**RECORDS TO USE**
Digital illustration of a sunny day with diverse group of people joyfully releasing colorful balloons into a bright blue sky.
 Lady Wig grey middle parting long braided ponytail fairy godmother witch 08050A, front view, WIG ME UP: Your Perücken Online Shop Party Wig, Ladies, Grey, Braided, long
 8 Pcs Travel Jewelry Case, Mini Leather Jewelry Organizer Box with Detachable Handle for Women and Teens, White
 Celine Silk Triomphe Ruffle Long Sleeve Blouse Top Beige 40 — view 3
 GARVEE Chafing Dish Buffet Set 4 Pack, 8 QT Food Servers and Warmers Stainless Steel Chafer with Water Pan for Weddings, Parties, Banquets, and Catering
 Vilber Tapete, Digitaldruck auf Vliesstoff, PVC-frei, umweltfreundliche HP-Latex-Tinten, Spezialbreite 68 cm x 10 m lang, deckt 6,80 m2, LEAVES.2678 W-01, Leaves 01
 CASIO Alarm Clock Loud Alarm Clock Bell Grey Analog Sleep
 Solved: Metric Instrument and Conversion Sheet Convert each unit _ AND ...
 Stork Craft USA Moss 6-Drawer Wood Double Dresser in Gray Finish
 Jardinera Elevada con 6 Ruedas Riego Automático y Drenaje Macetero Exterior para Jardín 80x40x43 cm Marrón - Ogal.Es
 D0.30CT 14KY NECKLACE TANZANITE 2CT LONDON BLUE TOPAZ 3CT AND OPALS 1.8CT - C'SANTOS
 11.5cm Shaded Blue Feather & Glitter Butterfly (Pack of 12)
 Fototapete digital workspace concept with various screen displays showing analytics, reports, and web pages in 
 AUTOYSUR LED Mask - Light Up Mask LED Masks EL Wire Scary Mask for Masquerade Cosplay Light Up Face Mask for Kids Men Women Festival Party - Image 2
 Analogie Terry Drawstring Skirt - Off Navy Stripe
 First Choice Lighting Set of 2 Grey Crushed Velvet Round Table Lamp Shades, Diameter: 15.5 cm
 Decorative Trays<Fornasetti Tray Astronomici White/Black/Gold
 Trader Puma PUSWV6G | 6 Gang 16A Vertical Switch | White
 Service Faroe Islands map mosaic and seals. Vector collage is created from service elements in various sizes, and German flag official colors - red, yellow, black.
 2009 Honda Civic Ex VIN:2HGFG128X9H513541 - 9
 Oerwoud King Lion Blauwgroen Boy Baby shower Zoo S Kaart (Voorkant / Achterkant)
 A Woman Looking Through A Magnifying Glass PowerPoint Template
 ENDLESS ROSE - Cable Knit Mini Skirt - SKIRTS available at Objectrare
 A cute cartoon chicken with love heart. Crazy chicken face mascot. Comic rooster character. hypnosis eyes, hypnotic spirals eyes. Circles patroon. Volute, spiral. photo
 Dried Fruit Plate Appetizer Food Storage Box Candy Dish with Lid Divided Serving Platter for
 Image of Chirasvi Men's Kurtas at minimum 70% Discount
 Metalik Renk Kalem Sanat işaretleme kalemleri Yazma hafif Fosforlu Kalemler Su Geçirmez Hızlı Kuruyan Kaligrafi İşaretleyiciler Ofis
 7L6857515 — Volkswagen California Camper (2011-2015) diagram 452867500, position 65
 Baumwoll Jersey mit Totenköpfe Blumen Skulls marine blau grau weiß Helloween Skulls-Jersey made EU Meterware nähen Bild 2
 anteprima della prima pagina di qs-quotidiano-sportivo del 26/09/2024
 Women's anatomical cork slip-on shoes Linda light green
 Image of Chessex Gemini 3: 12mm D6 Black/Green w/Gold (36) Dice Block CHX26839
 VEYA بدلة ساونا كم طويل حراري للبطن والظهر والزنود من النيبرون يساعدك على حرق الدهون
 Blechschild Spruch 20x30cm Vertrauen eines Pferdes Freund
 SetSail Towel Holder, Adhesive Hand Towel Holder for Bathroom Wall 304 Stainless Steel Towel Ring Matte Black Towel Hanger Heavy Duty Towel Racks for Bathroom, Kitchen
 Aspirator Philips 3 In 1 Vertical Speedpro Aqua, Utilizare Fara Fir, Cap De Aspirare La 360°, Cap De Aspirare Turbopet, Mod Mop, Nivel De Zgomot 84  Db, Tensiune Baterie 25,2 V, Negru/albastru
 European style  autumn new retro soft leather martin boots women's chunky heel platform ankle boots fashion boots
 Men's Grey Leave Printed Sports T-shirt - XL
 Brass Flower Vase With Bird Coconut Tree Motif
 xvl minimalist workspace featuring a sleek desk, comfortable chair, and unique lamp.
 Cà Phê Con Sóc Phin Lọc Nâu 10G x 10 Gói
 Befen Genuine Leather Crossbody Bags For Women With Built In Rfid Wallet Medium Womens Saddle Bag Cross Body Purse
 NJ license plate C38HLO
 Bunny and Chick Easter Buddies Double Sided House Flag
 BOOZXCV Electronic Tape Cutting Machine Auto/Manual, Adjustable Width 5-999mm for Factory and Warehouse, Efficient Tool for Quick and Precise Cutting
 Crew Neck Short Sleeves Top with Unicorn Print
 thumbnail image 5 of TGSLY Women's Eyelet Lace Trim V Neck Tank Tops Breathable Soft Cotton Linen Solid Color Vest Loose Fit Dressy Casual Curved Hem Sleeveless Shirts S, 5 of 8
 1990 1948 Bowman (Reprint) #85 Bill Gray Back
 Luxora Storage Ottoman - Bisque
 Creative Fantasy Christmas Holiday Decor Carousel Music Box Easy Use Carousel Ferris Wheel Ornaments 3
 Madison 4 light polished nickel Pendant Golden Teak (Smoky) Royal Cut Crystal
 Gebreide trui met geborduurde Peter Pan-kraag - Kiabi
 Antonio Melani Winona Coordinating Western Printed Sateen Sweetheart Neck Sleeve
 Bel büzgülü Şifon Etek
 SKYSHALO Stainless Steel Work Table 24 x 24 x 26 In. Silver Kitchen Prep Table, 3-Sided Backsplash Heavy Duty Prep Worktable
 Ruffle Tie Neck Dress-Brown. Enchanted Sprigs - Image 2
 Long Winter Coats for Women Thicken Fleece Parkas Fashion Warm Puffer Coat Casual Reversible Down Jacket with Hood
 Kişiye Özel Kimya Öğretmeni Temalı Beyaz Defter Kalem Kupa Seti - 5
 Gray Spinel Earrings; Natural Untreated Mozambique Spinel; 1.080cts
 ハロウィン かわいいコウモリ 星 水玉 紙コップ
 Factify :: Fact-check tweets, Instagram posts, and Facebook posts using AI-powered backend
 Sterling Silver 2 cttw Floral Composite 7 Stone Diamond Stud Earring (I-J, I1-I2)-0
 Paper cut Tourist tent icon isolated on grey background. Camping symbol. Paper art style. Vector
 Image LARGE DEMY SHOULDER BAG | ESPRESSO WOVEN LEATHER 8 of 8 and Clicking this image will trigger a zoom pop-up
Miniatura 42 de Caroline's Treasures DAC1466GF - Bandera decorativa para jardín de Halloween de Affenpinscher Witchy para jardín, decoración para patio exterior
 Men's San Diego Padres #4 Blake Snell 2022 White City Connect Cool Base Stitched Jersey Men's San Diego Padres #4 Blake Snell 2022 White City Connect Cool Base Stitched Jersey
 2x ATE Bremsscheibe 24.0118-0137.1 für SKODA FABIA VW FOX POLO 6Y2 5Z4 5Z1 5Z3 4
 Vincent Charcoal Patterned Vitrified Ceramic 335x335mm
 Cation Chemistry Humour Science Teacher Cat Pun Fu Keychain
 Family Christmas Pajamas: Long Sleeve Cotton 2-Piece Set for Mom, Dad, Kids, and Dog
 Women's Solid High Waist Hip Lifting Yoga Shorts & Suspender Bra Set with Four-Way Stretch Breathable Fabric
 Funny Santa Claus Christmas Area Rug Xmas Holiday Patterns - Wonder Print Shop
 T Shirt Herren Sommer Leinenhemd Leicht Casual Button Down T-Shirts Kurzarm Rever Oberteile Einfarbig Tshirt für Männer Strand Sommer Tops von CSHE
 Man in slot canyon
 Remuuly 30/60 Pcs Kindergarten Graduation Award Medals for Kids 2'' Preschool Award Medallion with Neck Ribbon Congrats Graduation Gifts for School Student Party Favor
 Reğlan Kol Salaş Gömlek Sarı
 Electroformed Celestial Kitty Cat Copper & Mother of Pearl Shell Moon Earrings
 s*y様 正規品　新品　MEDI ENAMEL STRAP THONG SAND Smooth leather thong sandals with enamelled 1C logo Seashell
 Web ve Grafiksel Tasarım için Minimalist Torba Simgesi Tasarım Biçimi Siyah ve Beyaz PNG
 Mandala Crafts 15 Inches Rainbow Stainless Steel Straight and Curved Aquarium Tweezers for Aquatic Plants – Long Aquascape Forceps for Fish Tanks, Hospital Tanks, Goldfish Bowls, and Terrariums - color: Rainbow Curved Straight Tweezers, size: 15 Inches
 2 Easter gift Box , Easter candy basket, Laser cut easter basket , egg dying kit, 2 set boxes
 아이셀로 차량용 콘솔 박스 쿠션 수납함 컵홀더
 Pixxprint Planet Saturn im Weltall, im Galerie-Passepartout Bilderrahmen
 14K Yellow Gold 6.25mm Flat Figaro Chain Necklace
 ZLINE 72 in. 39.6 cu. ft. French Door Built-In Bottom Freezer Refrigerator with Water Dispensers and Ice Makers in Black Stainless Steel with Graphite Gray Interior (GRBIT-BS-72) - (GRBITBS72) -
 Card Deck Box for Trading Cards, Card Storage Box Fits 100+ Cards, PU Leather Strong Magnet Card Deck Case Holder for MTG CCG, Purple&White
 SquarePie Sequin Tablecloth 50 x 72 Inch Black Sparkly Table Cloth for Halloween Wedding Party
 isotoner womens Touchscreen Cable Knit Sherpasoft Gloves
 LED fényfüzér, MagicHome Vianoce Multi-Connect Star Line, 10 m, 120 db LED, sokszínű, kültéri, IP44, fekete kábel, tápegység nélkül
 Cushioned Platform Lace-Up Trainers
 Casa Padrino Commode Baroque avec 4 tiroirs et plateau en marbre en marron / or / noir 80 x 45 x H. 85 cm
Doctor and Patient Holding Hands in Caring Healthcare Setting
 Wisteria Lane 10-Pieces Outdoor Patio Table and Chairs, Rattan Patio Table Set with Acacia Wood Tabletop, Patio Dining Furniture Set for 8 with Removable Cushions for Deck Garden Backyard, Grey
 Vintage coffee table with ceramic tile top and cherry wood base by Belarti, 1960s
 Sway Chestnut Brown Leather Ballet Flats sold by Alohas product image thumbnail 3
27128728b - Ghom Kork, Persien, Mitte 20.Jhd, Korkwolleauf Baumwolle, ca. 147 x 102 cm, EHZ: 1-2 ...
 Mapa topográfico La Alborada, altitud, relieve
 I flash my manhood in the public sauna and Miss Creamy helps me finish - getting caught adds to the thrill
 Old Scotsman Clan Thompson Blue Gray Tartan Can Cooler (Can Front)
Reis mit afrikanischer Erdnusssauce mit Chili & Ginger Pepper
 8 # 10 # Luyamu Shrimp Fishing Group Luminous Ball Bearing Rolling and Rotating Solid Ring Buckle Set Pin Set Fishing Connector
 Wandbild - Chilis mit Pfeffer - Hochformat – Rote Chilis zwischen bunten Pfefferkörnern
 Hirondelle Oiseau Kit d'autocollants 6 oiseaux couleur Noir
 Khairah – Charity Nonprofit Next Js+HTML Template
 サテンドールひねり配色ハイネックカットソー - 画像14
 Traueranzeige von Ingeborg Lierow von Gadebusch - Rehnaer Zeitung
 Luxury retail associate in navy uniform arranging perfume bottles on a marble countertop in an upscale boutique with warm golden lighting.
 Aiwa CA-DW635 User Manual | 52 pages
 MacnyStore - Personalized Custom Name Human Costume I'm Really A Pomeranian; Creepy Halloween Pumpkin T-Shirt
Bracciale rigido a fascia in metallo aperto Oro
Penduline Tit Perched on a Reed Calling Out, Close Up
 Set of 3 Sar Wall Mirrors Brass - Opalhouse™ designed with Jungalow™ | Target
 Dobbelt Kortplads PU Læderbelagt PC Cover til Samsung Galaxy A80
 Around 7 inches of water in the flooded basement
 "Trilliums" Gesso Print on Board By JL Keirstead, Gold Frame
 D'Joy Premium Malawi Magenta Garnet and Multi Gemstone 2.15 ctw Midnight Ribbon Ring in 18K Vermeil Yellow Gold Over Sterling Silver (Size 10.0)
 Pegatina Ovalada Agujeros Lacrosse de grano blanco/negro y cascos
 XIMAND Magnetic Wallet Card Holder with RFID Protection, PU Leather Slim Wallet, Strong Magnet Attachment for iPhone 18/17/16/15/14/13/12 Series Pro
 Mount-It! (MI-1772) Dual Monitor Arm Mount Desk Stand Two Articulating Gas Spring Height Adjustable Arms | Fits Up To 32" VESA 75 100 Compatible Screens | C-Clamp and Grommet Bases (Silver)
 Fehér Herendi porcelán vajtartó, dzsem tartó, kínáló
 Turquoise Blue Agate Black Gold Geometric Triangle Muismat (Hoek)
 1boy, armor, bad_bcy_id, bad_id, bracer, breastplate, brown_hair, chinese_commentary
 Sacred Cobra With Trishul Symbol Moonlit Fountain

**WORK REQUEST**
Where a line contains the word "Pack", copy that line from the listing above.

**TASK RESPONSE**
 GARVEE Chafing Dish Buffet Set 4 Pack, 8 QT Food Servers and Warmers Stainless Steel Chafer with Water Pan for Weddings, Parties, Banquets, and Catering
 11.5cm Shaded Blue Feather & Glitter Butterfly (Pack of 12)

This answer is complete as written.